[DATA SEGMENT]:
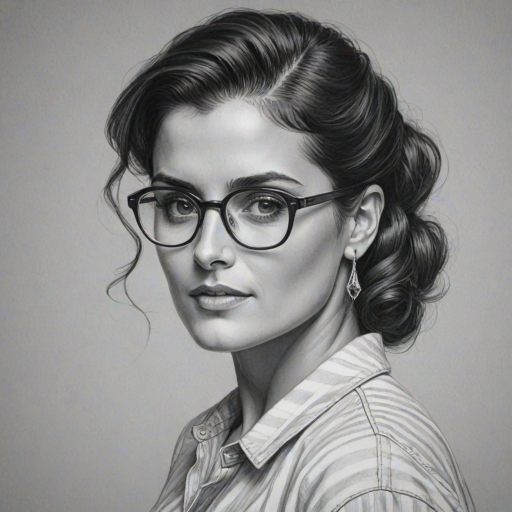 Fetching Nelly Furtado, pencil sketch, portrait of Wonderful woman 1944s in glasses, hair style beatnik, outline, clear lines, fine lines, 8k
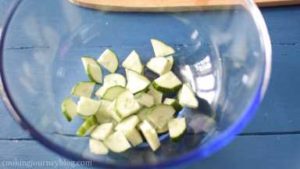 Cut cucumber in quarters lengthwise. Chop it, add to the large bowl.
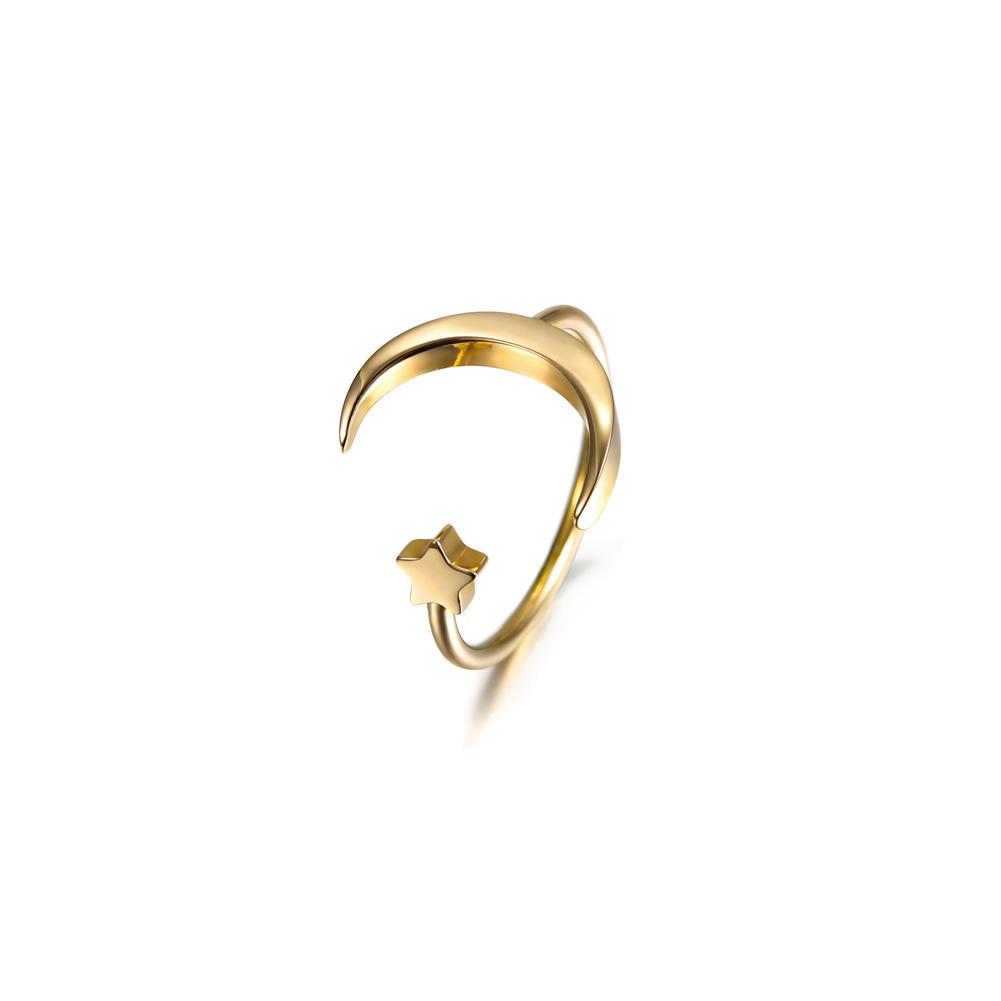 Crescent Moon and Star Ring made of surgical stainless steel with gold plating, featuring a delicate celestial design.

[DIRECTIONS FOR THIS TASK]: What the answer needs is every line from the one with "Cut cucumber in" through the last line of the data, reproduced word for word and with pictures omitted.

[YOUR RESPONSE]:
 Cut cucumber in quarters lengthwise. Chop it, add to the large bowl.
 Crescent Moon and Star Ring made of surgical stainless steel with gold plating, featuring a delicate celestial design.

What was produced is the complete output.